# Herman's Algorithm

Herman’s algorithm is a classical example of a randomised self-stabilisation protocol [ Herman 1990 ]. Imagine a network of processes, arranged in a ring, with each process possibly holding a token. ‘Legitimate’ configurations are those in which a token is held by exactly one process. The aim of a self-stabilisation protocol is to guide the network towards legitimate configurations.
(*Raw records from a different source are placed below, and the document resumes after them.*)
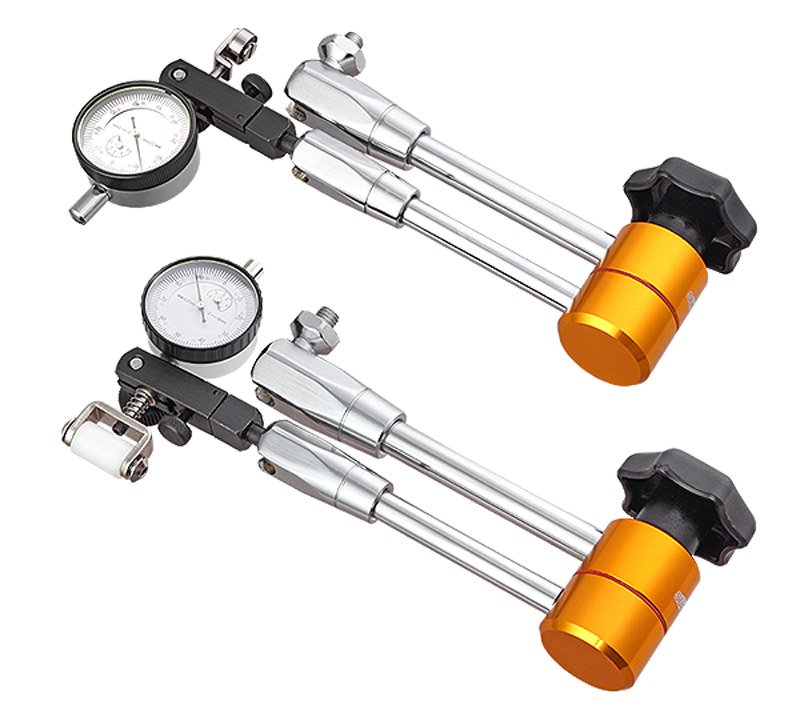 Katana TS-2 Piedistallo per l'assestamento Premium con comparatori - immagine 5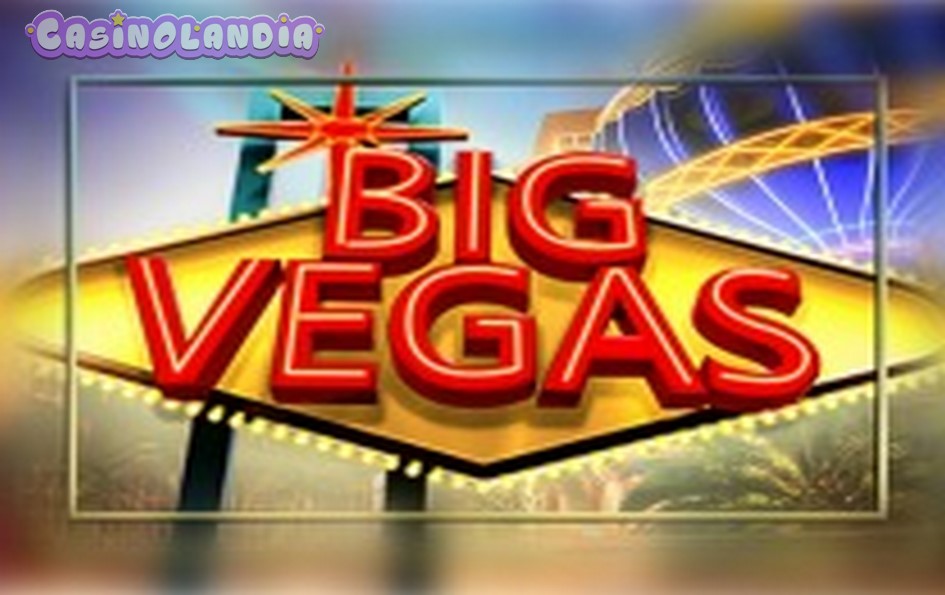 Big Vegas by Concept Gaming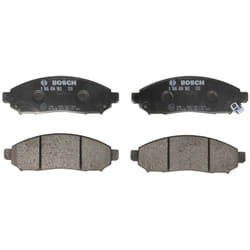 Set di pastiglie freno BOSCH 0 986 494 963, anteriore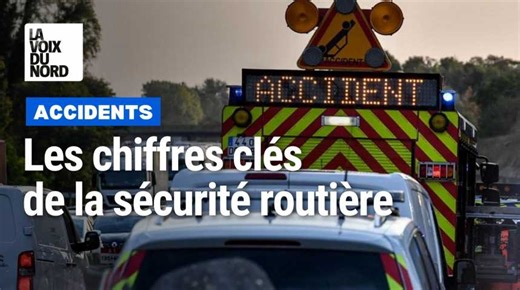 Sécurité routière : les chiffres clés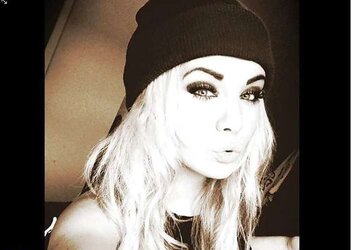 Teenager breezy for Jism Tribute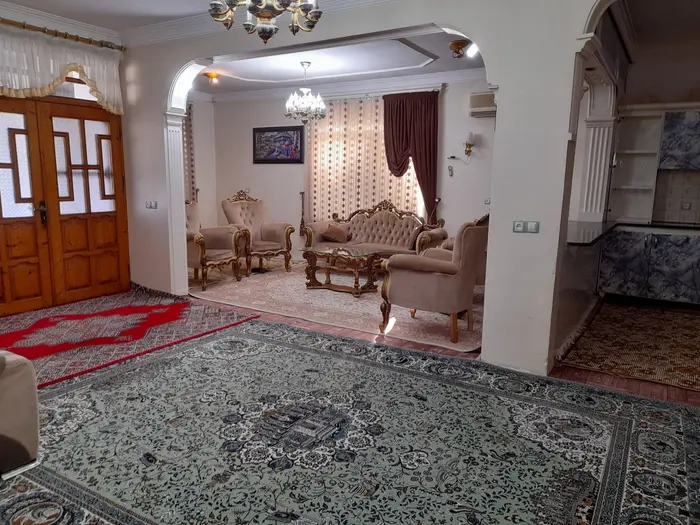 ویلا دوخوابه خونه باغ مجتبی - هال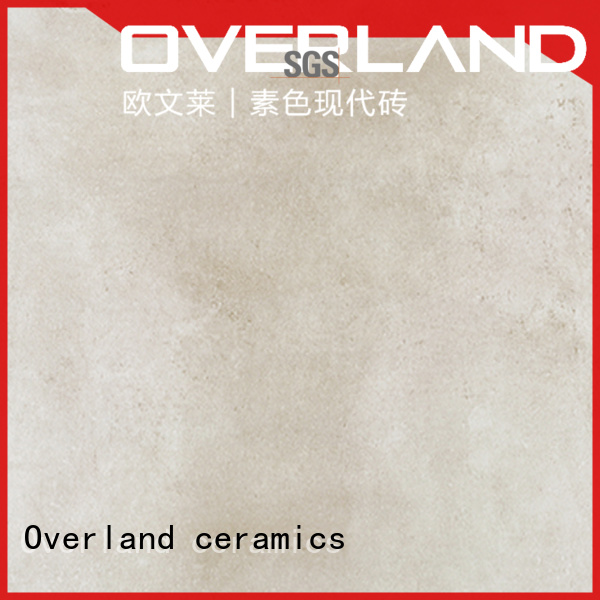 Overland ceramics strong encaustic cement tile design for apartment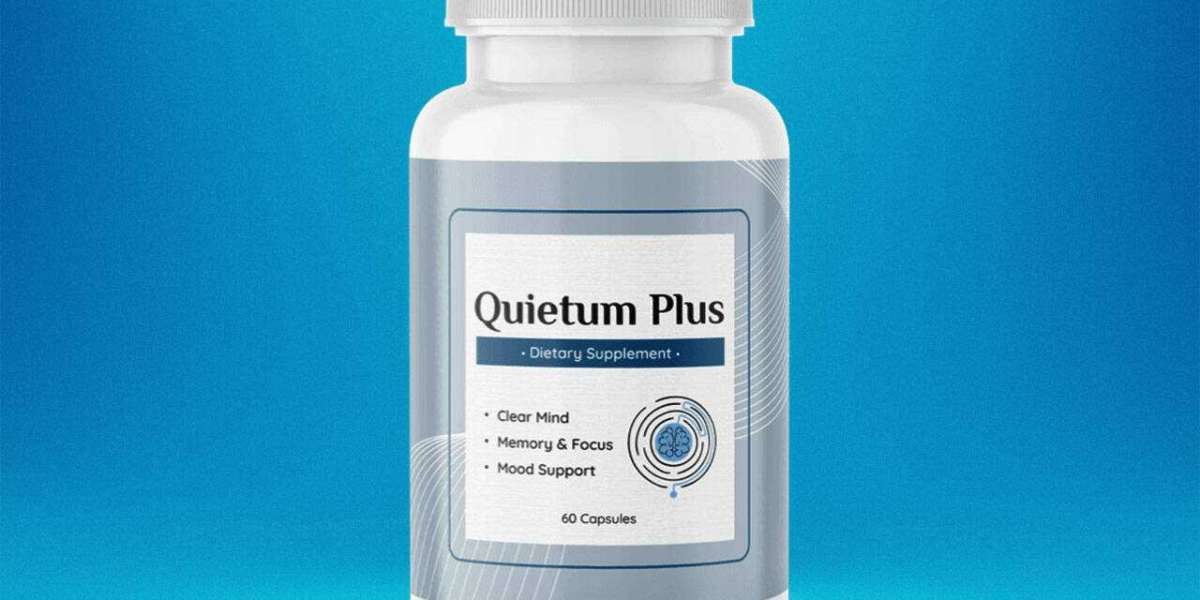 5 Latest Developments In Quietum Plus Reviews!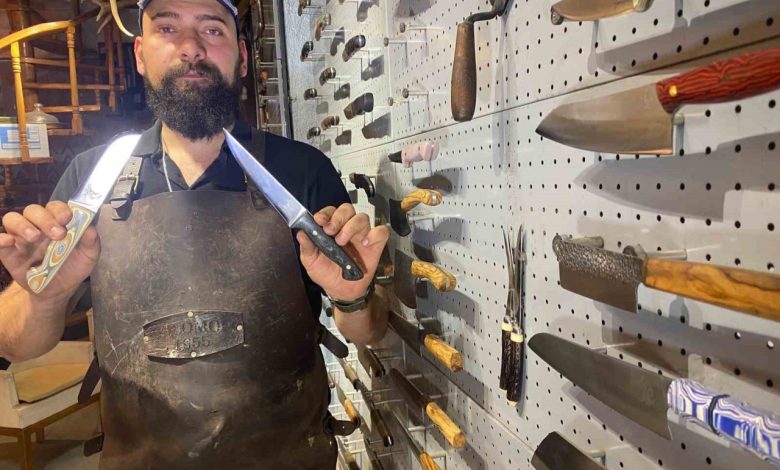 Bıçak bileme ustaları Kurban Bayramı mesaisinde 1 bicak bileme ustalari kurban bayrami mesaisinde 1240ea174d97 |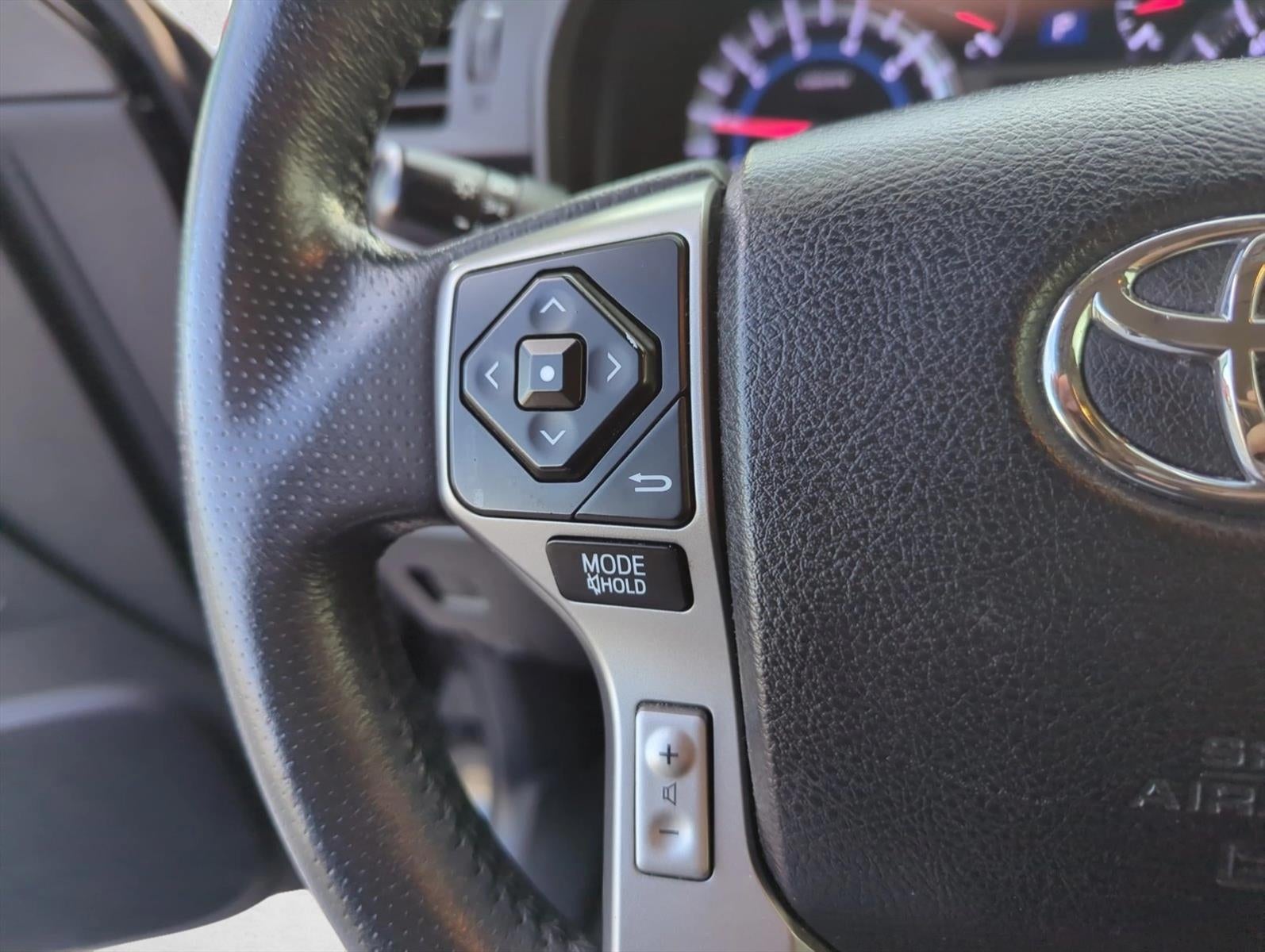 2018 Toyota 4Runner Limited 2WD (Natl)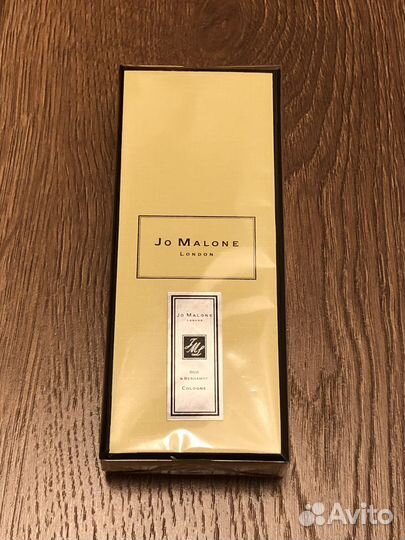 Jo Malone Oud & Bergamot новый парфюм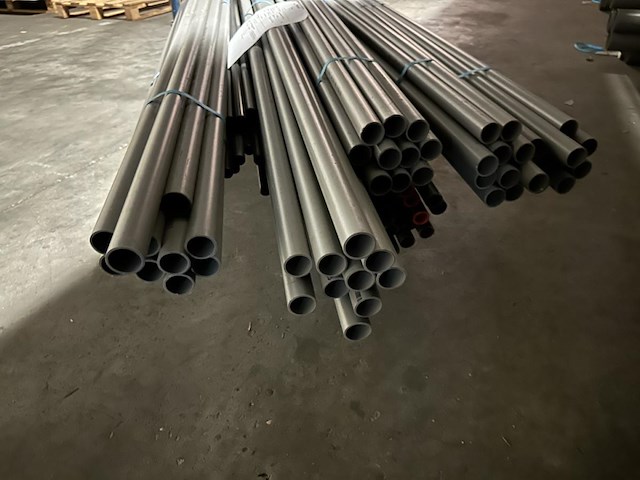 Lot diverse pvc afvoer buizen dyka wo. dia 32 - afbeelding 2 van  3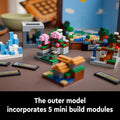 LEGO Minecraft: The Crafting Table (21265)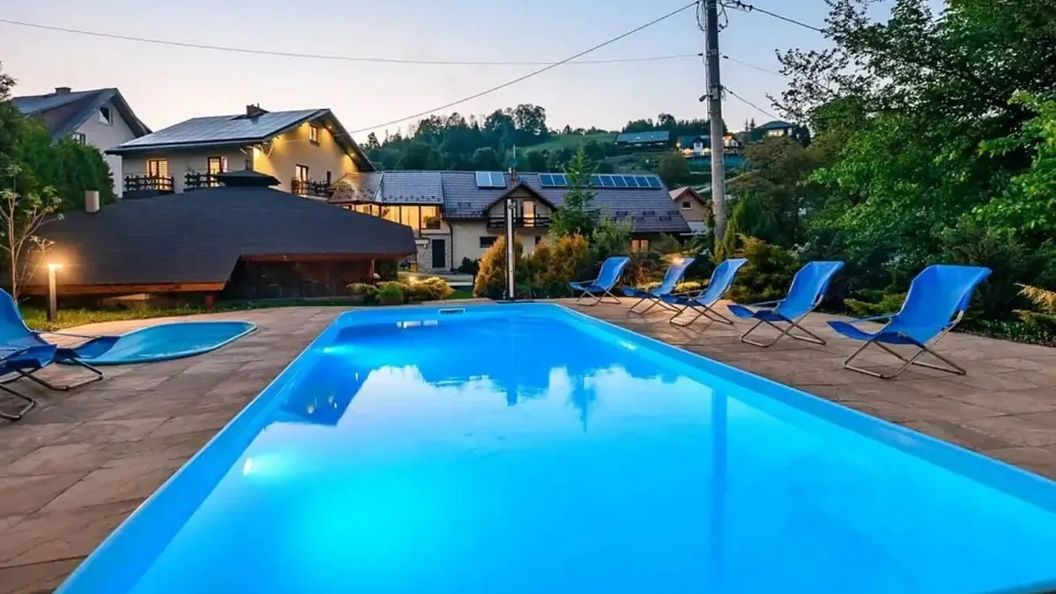 Apartamenty Osada nad Słotwinką Krynica-Zdrój (1)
Let us assume that each process possesses a distinguished two-valued variable, and let us adopt the convention that a process is deemed to hold a token if its distinguished variable has the same value as that of its immediate right-hand neighbour. (Note that in order for this representation scheme to make sense, there must be an odd number of processes in the network.) The algorithm works as follows. At every time step, each process determines whether or not it holds a token. If it does, it flips its distinguished variable with probability 1, and otherwise sets its distinguished variable equal to that of its right-hand neighbour. We assume that processes execute synchronously. What we would like to show is that such a protocol is correct, i.e., that it always eventually leads the system to a legitimate, single-token configuration. To this end, we implemented Herman’s algorithm in our probabilistic programming language for various numbers of processes in the network. The code for a 15-process network is given below.

```void main() {
int%2 x; int%2 z; int%3 token; int%15 i;
token:=2;
while(not (token=1)) do {
token:=0;
i:=0;
z:=x;
while (i+1) do {
if (x[i]=x[i+1]) then
x[i]:=coin else x[i]:=x[i+1];
if (i>0) and (x[i-1]=x[i]) then
token:=case(token)[1,2,2];
i:=i+1
};
if (x[i]=z) then x[i]:=coin else x[i]:=z;
if (x[i-1]=x[i]) then token:=case(token)[1,2,2];
if (x[i]=x) then token:=case(token)[1,2,2]
}
}
```

Most of the syntax is self-explanatory, perhaps with the exception of the statement token:=case(token) [ Abramsky et al 2000, Bhargava, Palamidessi 2005 ]. This is similar to the switch construct in C, and is equivalent to if token=0 then token:=1 else if token=1 then token:=2 else if token=2 then token:=2;

In the program, the distinguished variables of processes are held in a 15-element array x of two-valued variables. The inner while loop simulates the synchronous execution of the network over a single time step. In this loop, the variable token is used to count the total number of tokens present in the network, with the value 2 representing ‘two or more’. Recall the use of modulo arithmetic so that variables that overflow simply cycle through 0. The outer while loop ensures that the code is executed until the network contains just a single token. Note that our implementation is a closed program of type void. It should be clear that the correctness of Herman’s algorithm (a single-token configuration is always eventually reached) corresponds to the assertion that our program terminates with probability 1. And indeed, when running apex, the output is the one-state automaton corresponding to void main() { skip } already depicted in Section 3. We remark that it is trivial to modify the code to model networks with different numbers of processes: it suffices to replace the two occurrences of the number ‘15’ in the first line by whatever other value is desired. Although all instances of our program ultimately give rise to the same single-state automaton, the computation times of apex increase with the sizes of the networks modelled. This is not surprising since an n-process network has 2n distinct configurations (ignoring symmetries). The intermediate automata generated by apex reflect this growth, although this is mitigated to some extent by the use of state-space reduction techniques throughout the computation.